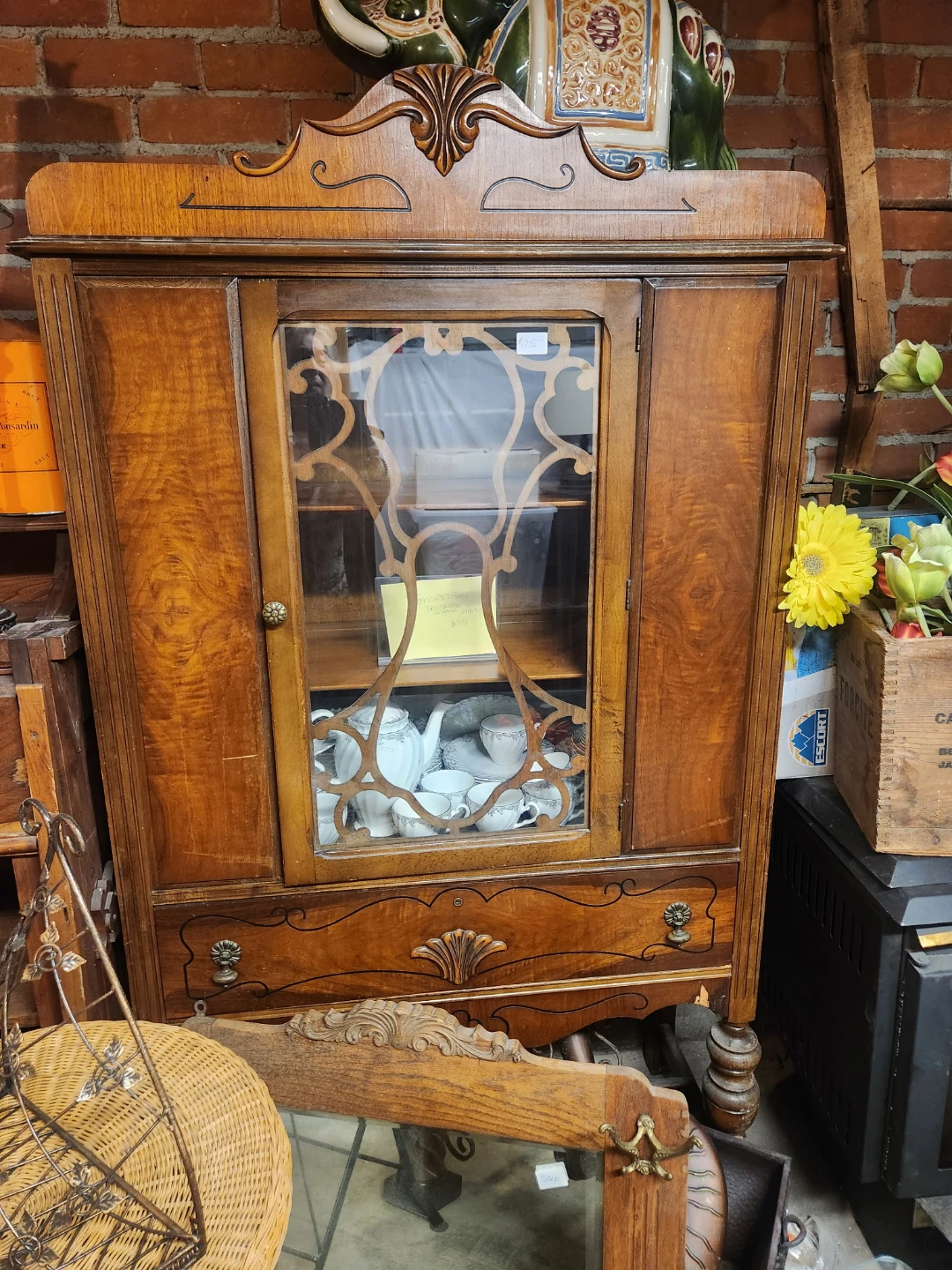 Vintage Wooden Display Cabinet with Glass Door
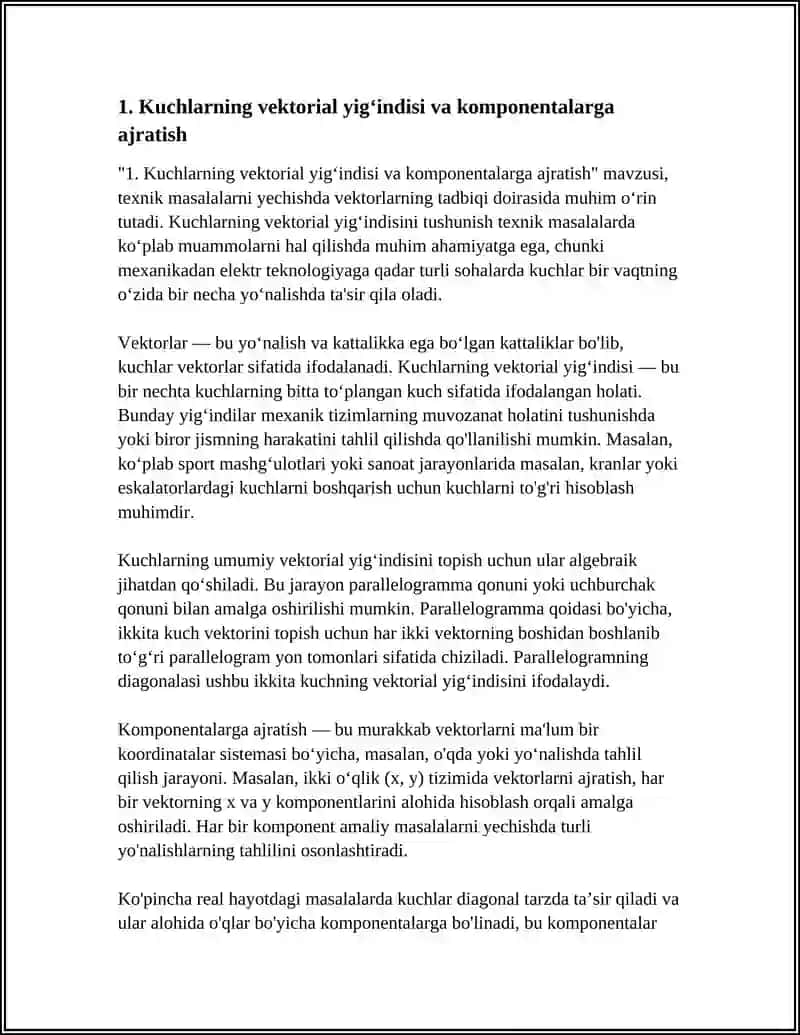 TEXNIK MASALARNI YECHISHGA VEKTORLARNING TADBIQI 3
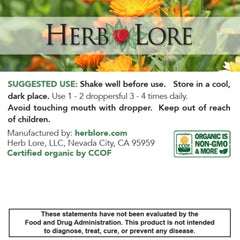 Herb Lore Mullein tincture suitable for kids and adults seeking natural support.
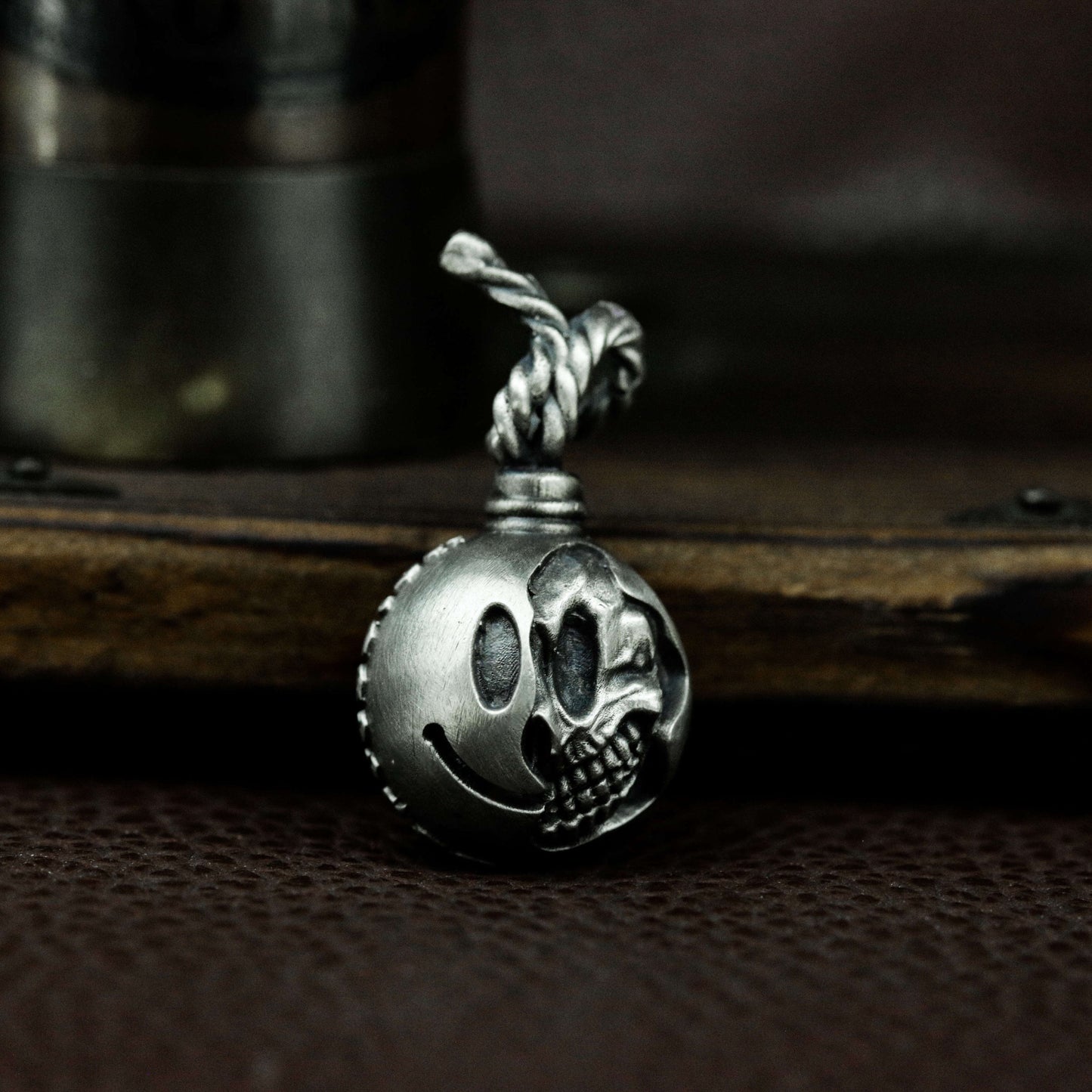 Bomb Skull Pendant ¨C 925 Silver Handmade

^^^^^^^^

About this task: Print the material above verbatim except the pictures.

Solution to this exercise:
 Vintage Wooden Display Cabinet with Glass Door
 TEXNIK MASALARNI YECHISHGA VEKTORLARNING TADBIQI 3
 Herb Lore Mullein tincture suitable for kids and adults seeking natural support.
 Bomb Skull Pendant ¨C 925 Silver Handmade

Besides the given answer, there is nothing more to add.